Marks

Marks

While there was a modest uptick in private equity and alternative asset manager stocks following the announcement, O’Hara said that had more to do with a valuation problem in the sector. “The group is trading well below premium,” he said.

Michael Cyprys, analyst with Morgan Stanley in New York, noted that the Oaktree-Brookfield deal could improve “investor perceptions of strategic value across the sector, but not without some debate.”

He wrote in a research note that “strategic partnerships” like Oaktree-Brookfield offer an alternative to converting to a C-Corp as a means of providing a more certain liquidity path for “aging founders” — an apparent reference to 72-year-old Oaktree founder Howard Marks.

Growth pressure

The Oaktree-Brookfield deal and the Ares restructuring are different means to a similar end: growth.

Other high-profile private equity firms, including industry leaders Blackstone Group, Apollo Global Management and Carlyle Group, are all looking at strategic options.

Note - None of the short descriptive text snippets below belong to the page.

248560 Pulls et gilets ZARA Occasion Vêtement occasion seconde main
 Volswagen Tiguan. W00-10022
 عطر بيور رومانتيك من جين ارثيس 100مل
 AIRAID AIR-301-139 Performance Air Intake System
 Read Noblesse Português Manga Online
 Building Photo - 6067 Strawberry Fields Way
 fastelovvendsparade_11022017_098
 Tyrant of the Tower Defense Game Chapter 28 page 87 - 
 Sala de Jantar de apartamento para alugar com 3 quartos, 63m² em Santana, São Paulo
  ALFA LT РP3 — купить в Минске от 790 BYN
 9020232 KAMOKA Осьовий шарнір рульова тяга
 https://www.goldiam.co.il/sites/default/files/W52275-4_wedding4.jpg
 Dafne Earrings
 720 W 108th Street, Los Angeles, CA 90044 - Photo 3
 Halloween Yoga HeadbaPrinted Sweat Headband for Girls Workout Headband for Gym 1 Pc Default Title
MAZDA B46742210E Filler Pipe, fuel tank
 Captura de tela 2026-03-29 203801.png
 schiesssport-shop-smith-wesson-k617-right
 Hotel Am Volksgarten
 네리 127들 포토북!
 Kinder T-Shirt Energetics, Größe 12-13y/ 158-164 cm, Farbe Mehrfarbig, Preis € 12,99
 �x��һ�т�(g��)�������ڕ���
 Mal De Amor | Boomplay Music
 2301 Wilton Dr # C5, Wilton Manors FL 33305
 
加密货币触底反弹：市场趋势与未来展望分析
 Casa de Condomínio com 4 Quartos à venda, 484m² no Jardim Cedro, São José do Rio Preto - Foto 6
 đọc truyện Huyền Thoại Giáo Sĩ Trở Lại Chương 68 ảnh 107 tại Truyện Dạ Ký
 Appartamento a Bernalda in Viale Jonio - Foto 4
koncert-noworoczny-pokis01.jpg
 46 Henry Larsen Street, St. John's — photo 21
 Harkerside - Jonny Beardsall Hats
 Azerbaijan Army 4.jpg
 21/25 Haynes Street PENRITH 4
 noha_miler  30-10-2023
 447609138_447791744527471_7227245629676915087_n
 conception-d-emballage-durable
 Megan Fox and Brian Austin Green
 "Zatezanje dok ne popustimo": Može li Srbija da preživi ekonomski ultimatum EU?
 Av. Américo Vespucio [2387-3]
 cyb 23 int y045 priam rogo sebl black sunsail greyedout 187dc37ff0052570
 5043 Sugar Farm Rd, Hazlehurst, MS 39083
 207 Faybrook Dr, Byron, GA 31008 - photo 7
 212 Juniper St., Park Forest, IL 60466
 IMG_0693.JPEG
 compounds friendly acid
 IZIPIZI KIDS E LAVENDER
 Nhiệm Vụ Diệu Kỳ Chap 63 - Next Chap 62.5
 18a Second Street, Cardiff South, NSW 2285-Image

“This is a very cyclical business,” said Stephen Moyer, a lecturer in finance and business economics with the USC’s Marshall School of Business. “It’s very hard to continue growing,” he said.

“There is a trend to consolidate,” Moyer said. “It’s driven by the fact that these public companies, like Ares, Blackstone, Carlyle, Apollo and KKR, need to continue to grow. So they will to do it organically or buy.”

An Apollo spokesman provided a transcript of a Dec. 5, 2018, conference call at a Goldman Sachs conference where Leon Black, Apollo’s chief executive, chairman and founder said his company is mulling the C-Corp conversion but is taking a wait-and-see approach.

“I think C-Corp is a very important issue,” Black said at the conference. “It’s one we take extremely seriously. Frankly, I would love to have a shareholder base which included a lot more long-only investors. I would love to get on an index. I’m the biggest shareholder in Apollo. Of course, I would like those things. The question is at what cost?”

Black said his company is closely watching how Ares and KKR are performing as publicly traded corporations. “Hopefully, over a period of a year, you should have some feeling as to what could be sustainable or not, and then we’ll make a decision,” he said.